Group personnel worked four days per week and would be flown to Tonopah either on Monday or Tuesday morning using Key Airlines contractor-provided Boeing 727 and later Boeing 737 passenger jets from Nellis AFB. On Thursday or Friday afternoons, the reverse would take place, leaving only essential personnel at Tonopah over the weekend. At Nellis, the passenger jets sitting at the flight line became a common sight. If the base personnel knew—and many of them did—that the contractor aircraft were there to ferry most of the 2,500 inhabitants of Tonopah to work, they didn't talk about it. It was part of what became known as the "Night Hawk spirit", the devotion to a secret worth keeping. It pervaded Tonopah and its sister base at Nellis, where thousands of family members knew not to ask where their loved ones went for four days each week. Due to the sensitive nature of being assigned to the 4450th, there were few transfers out of the unit once personnel were assigned. Airmen and Officers went through a thorough security investigation, far more than what airmen went through for "normal" assignments. OERs and APRs were reviewed, background investigations were conducted, and before an assignment was approved to the unit, each member's personnel and security file were reviewed and approved by the 4450th's commanding officer. Personnel signed security oaths, and in the case of a separation or transfer out of the unit, a through de-briefing was conducted to remind the personnel of the sensitive nature of the work they did and not to discuss any element of their assignment.

====Beirut 1983====
During October 1983, the US government ordered the Department of Defense to plan an attack on the Palestine Liberation Organization (PLO) and PLO sympathizers/terrorists in Southern Lebanon in response to the destruction of the US Marine barracks at Beirut Airport. The Seventh Fleet in the Mediterranean was moved into position off the coast of Lebanon and the 4450th at Tonopah TTR was put on alert. Five to seven F-117A aircraft were armed and their Internal Navigation Systems aligned to targets in the area.

The plan called for the F-117As to fly from Tonopah TTR to Myrtle Beach AFB, South Carolina, where they would be put in hangars. They would wait 48 hours for the crew to rest and then fly the aircraft non-stop from Myrtle Beach to southern Lebanon. The attack was planned against positively identified locations of the terrorist groups that were known to be responsible for the car bomb and the deaths of 183 Marines of the peace keeping force in Beirut.

Caspar Weinberger, the Secretary of Defense, decided to scrub the mission just 45 minutes before the aircraft were to take off for Myrtle Beach. The F-117As were taken off alert, disarmed and had their INS systems reprogrammed for training purposes.

====Operation Team Spirit 1984====
In early 1984 the P-unit A-7D's deployed to Kunsan Air Base, South Korea to participate in Team Spirit 1984. The word was purposely leaked that the 4450th TG A-7Ds were carrying supersecret atomic antiradar devices that would render the airplane invisible. To maintain the deception, each A-7D was outfitted with old napalm canisters painted black with a flashing red danger light in the rear. The canisters carried a radiation warning tag over an ominous-looking slot on which was printed: "Reactor Cooling Fill Port." When the 4450th TG deployed carrying these bogus devices, Air Police closed down the base and ringed the field with machine gun-toting jeeps. They forced all the runway personnel to turn their backs to the A-7s as they taxied past, and actually had them spread-eagled on the deck with their eyes closed until the 4450th TG A7s took off.

====Operation El Dorado Canyon====
By 28 February 1986 Lockheed had delivered 33 F-117As, giving the Air Force two operational squadrons of F-117As. During this time, Libya's Colonel Muammar al-Gaddafi had been challenging the US Navy for about a year and a half and had also sponsored a number of terrorist activities in Europe. After a few aerial incidents which resulted in the loss of a number of Libyan aircraft, and a terrorist attack in West Germany that was positively linked by the United States to Libya, the US government decided to strike back.

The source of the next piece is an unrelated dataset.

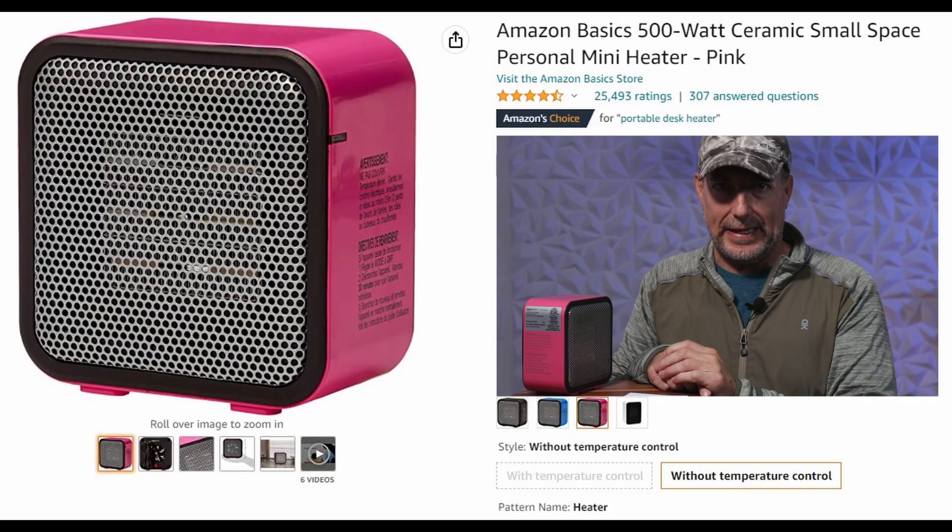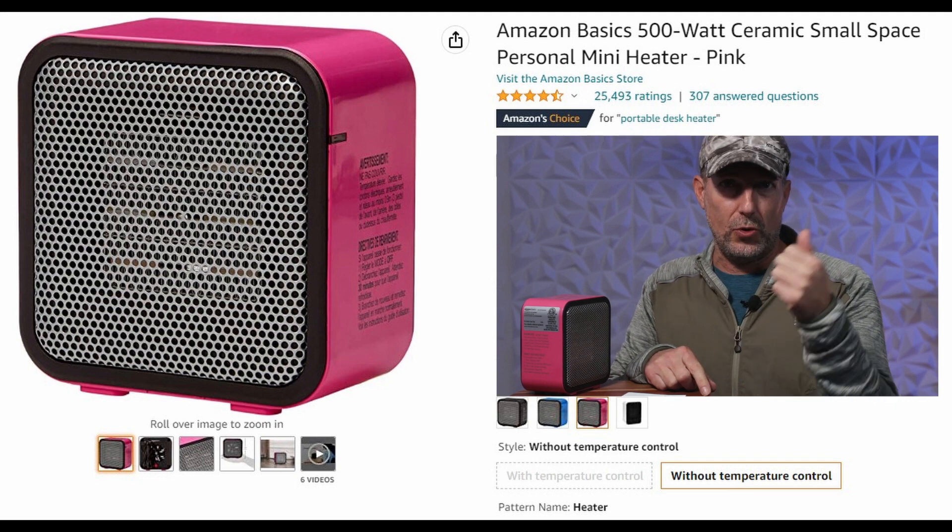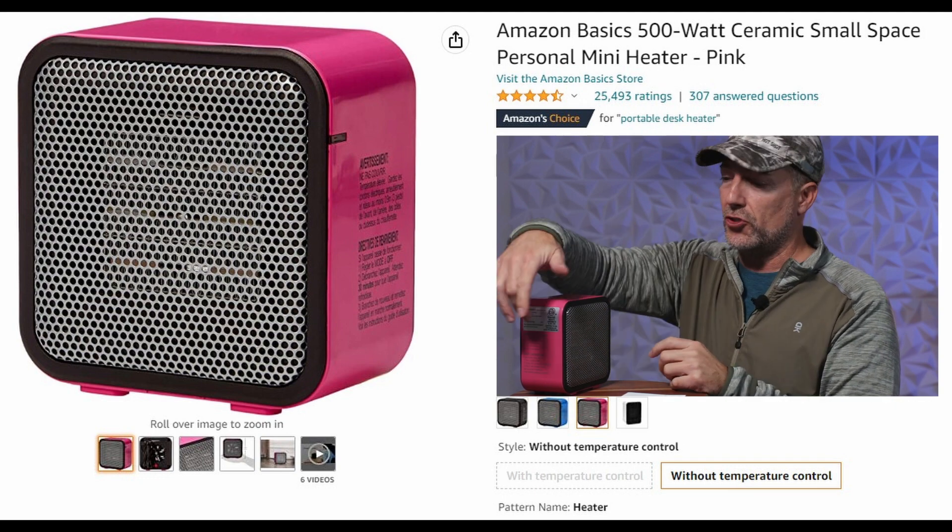This is a quick review of this 500-watt ceramic heater. There are two versions of this — one with controls or one without controls. This unit has no controls, so essentially you plug it in and that's all you've got to do. There are four different colors for this unit, and the only technology you have besides plugging it in is a button on the back — an on/off switch.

On 15 April 1986 a bombing raid was planned under the code name Operation El Dorado Canyon. The F-117A was identified as the best suited weapons system for the mission. Although senior officers at Tactical Air Command knew of the F-117A's capabilities, the theater commanders knew nothing of its capabilities or its existence. As a result, the raid was carried out using carrier based Navy A-6 Intruders, A-7 Corsair IIs, F/A-18 Hornets, and USAF F-111s assigned to the USAFE 48th TFW at RAF Lakenheath, England.

Once again, the F-117As were within less than one hour from launch when Caspar Weinberger scrubbed the mission. He felt that the aircraft was too valuable to risk on such insignificant targets and the F-117A's participation in the raid was canceled.

====Crashes====
The 4450th TG's mission continued to evolve under a cloak of secrecy, as all Tonopah training flights conducted at night under the cover of darkness until late 1988. With more production F-117s aircraft being delivered by Lockheed, the 4453d Test and Evaluation Squadron (TES) ("Z Unit") was activated on 4 October 1985 at Tonopah.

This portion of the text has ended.